Potential of Biogenic Plant-Mediated Iron and Iron Oxide Nanoparticles and Their Utility

Abstract

Plant nanobionics is a new field of science or bioengineering in which nanostructured material is inserted into living plant cells, in turn changing the functioning of the plant tissue or organelle; in other words, plant nanobionics describes superpowered plants, including plants that can detect explosives at extreme temperatures, plants that can detect heavy metals in vegetables and fruits, an array of wild-type plants capable of imaging objects in their environment, self-powered light sources, infrared communication devices, and self-powered nanosensors to detect toxicants/pathogens. Genetic or structural modifications of plants may also make them capable of detecting pollutants, i.e., for bioremediation.
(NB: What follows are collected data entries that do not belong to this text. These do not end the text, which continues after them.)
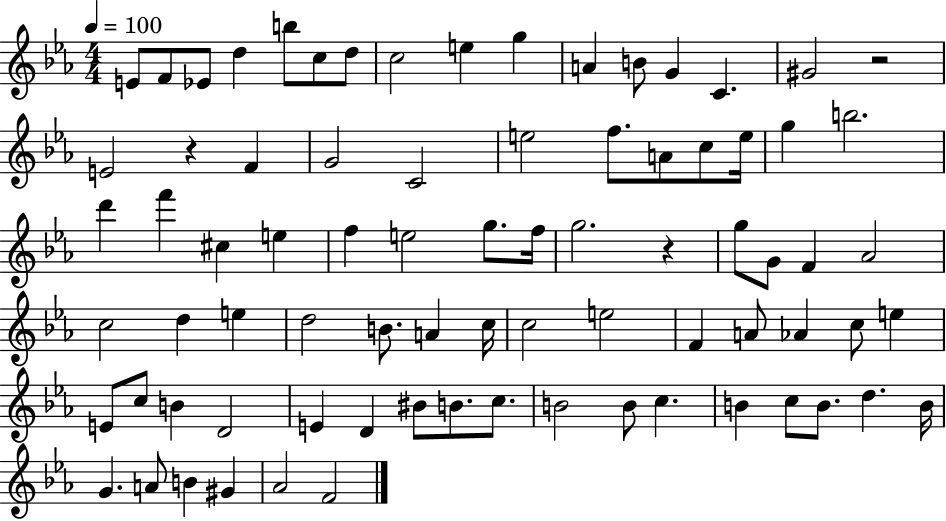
{
  \clef treble
  \numericTimeSignature
  \time 4/4
  \key ees \major
  \tempo 4 = 100
  \repeat volta 2 { e'8 f'8 ees'8 d''4 b''8 c''8 d''8 | c''2 e''4 g''4 | a'4 b'8 g'4 c'4. | gis'2 r2 | \break e'2 r4 f'4 | g'2 c'2 | e''2 f''8. a'8 c''8 e''16 | g''4 b''2. | \break d'''4 f'''4 cis''4 e''4 | f''4 e''2 g''8. f''16 | g''2. r4 | g''8 g'8 f'4 aes'2 | \break c''2 d''4 e''4 | d''2 b'8. a'4 c''16 | c''2 e''2 | f'4 a'8 aes'4 c''8 e''4 | \break e'8 c''8 b'4 d'2 | e'4 d'4 bis'8 b'8. c''8. | b'2 b'8 c''4. | b'4 c''8 b'8. d''4. b'16 | \break g'4. a'8 b'4 gis'4 | aes'2 f'2 | } \bar "|."
}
Biogenic synthesis and applications of coated and uncoated iron and iron oxide nanoparticles have been established. The magnetic properties of both types of nanoparticles have been used in the treatment of cancer, in drug delivery, as magnetic resonance imaging agents, for catalysis, for detection of toxicants/pollutants, and for removal of pesticides from potable water. Polymer-coated iron and iron oxide nanoparticles have good biocompatibility and slow release, and are effective and long lasting. The biological efficacy of both types of nanoparticles is dependent on their shape, size, and orientation, as well as their concentration.